### Task brief
Each entry below should be given again exactly; the pictures stay out.

+++ Entries provided +++

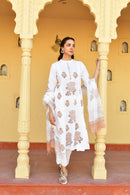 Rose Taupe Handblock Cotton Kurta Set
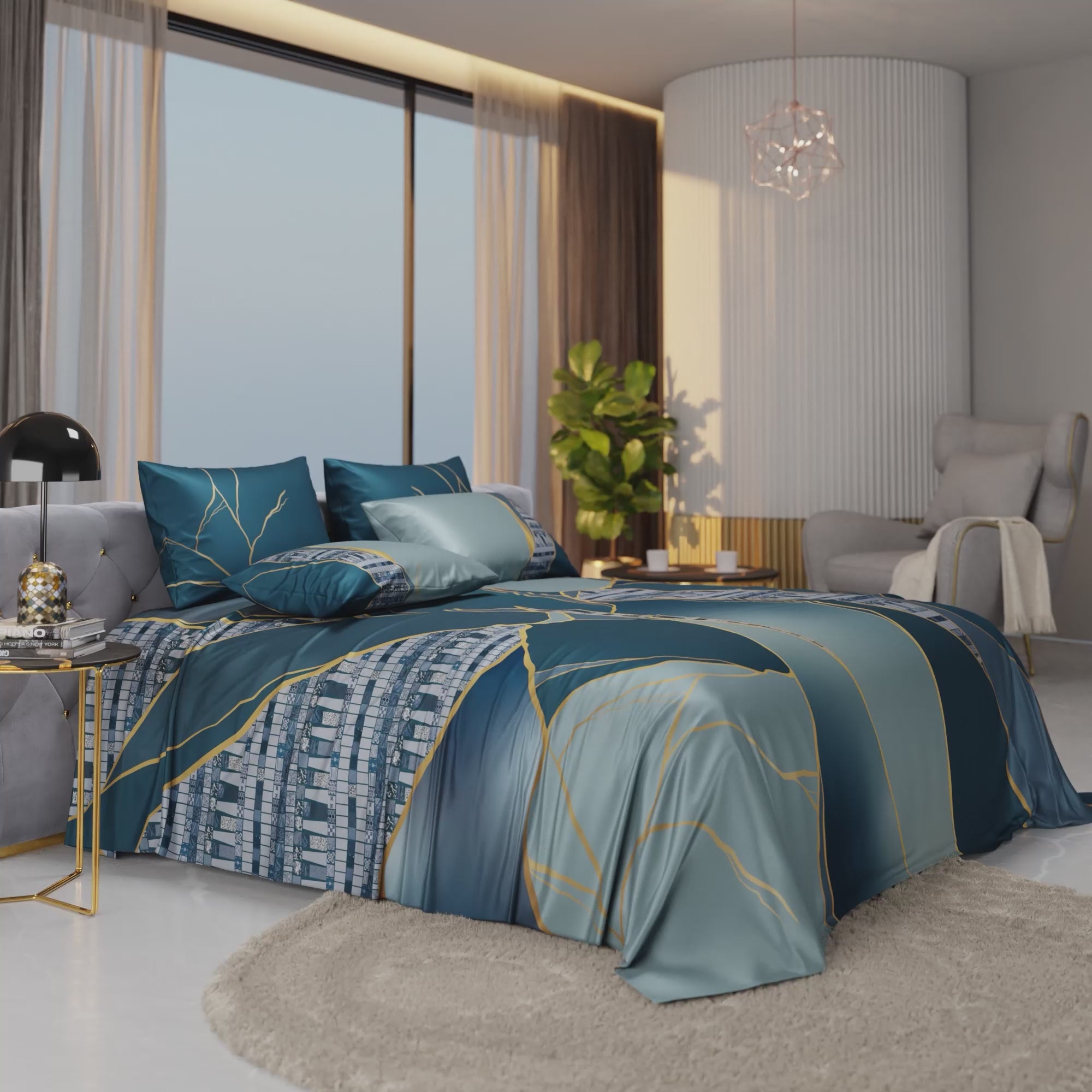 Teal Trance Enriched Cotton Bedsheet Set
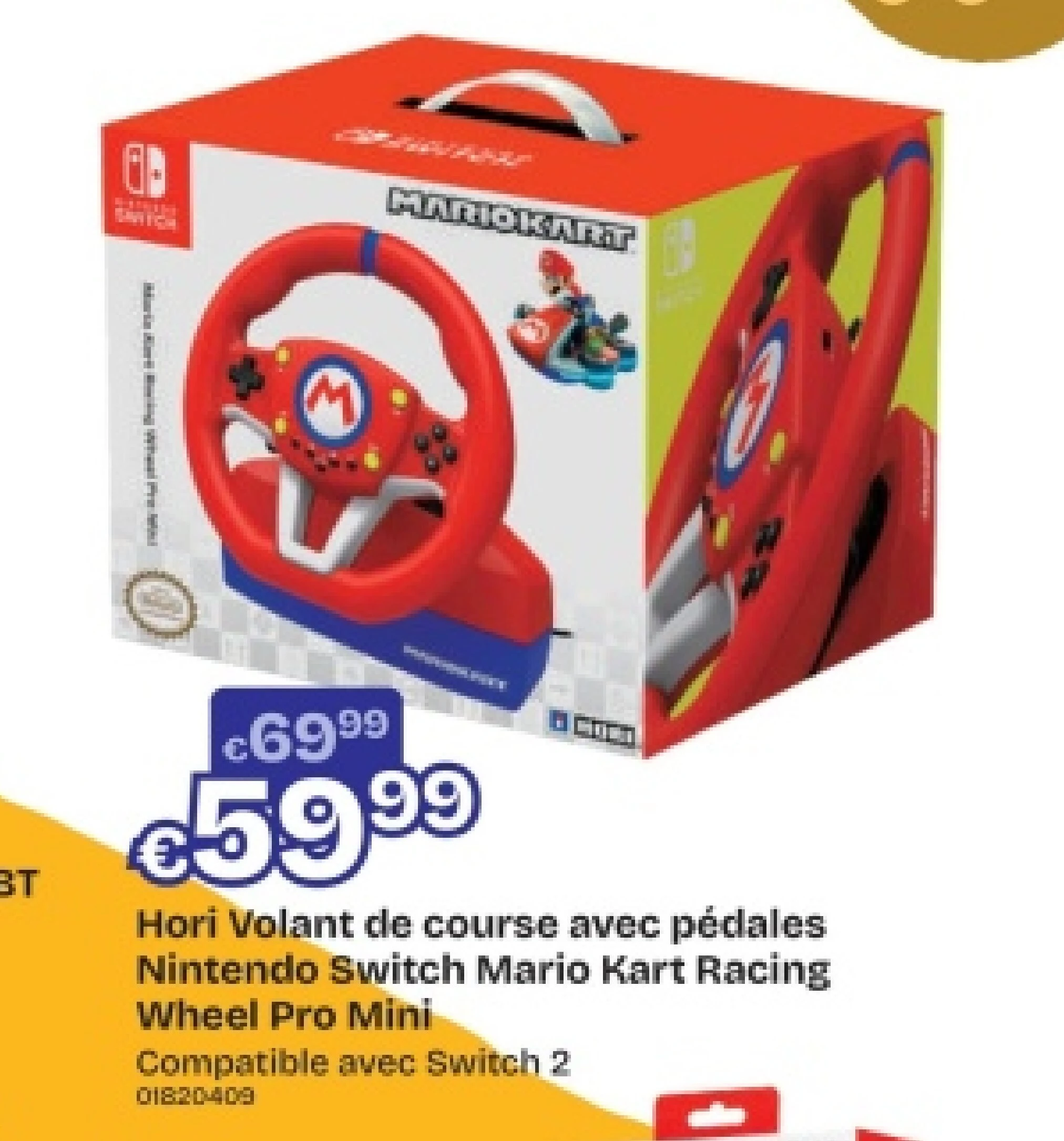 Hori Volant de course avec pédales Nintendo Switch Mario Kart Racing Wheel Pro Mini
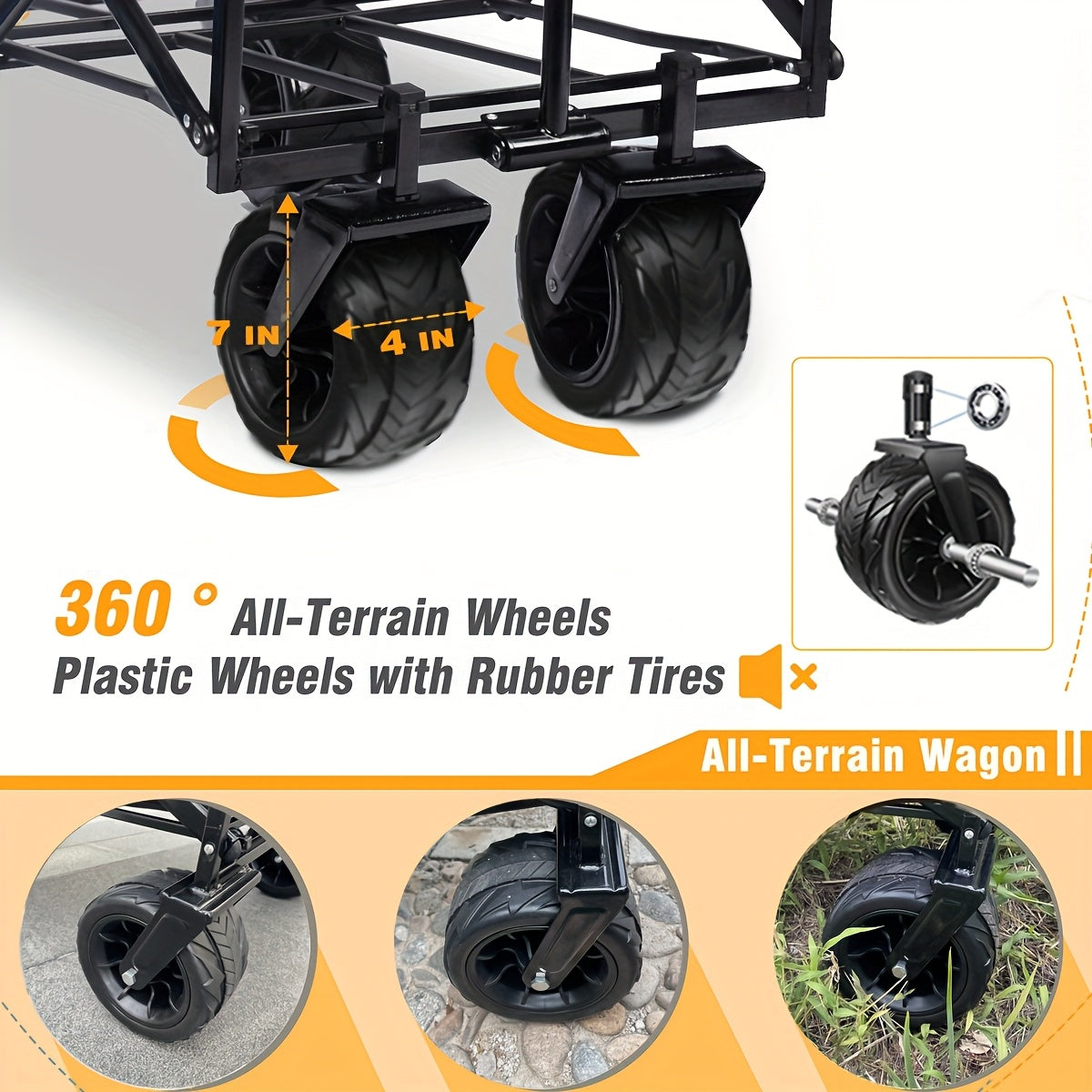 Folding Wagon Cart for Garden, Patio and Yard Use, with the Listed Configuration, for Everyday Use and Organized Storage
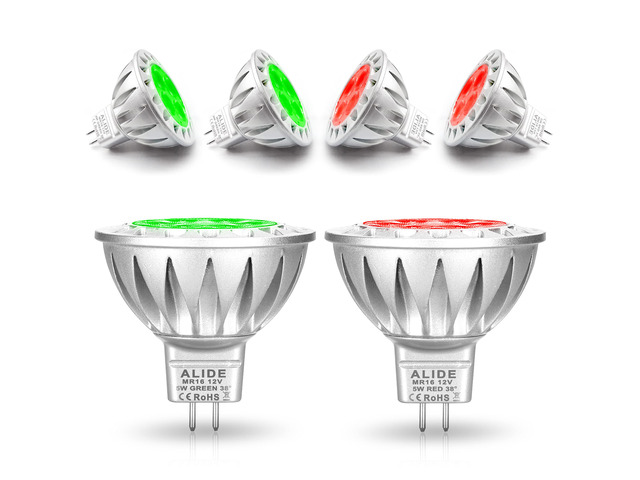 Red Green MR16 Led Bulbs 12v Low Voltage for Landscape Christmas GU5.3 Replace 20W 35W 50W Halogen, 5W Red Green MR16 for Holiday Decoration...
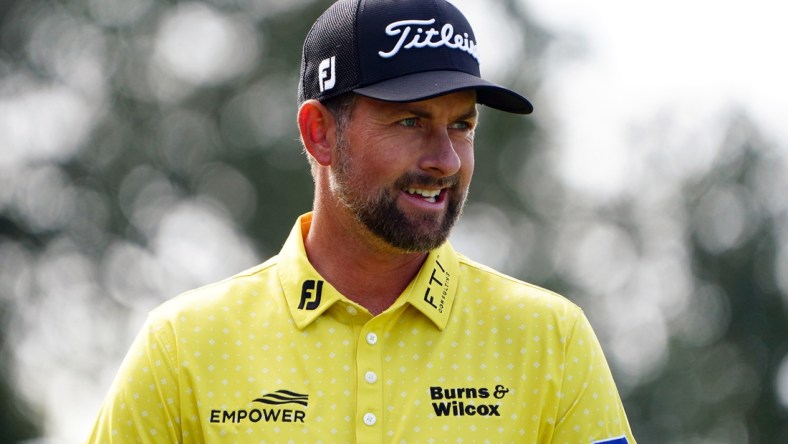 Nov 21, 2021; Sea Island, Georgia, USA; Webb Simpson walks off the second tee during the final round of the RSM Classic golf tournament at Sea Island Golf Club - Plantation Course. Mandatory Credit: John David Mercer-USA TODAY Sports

+++

### Reply
 Rose Taupe Handblock Cotton Kurta Set
 Teal Trance Enriched Cotton Bedsheet Set
 Hori Volant de course avec pédales Nintendo Switch Mario Kart Racing Wheel Pro Mini
 Folding Wagon Cart for Garden, Patio and Yard Use, with the Listed Configuration, for Everyday Use and Organized Storage
 Red Green MR16 Led Bulbs 12v Low Voltage for Landscape Christmas GU5.3 Replace 20W 35W 50W Halogen, 5W Red Green MR16 for Holiday Decoration...
 Nov 21, 2021; Sea Island, Georgia, USA; Webb Simpson walks off the second tee during the final round of the RSM Classic golf tournament at Sea Island Golf Club - Plantation Course. Mandatory Credit: John David Mercer-USA TODAY Sports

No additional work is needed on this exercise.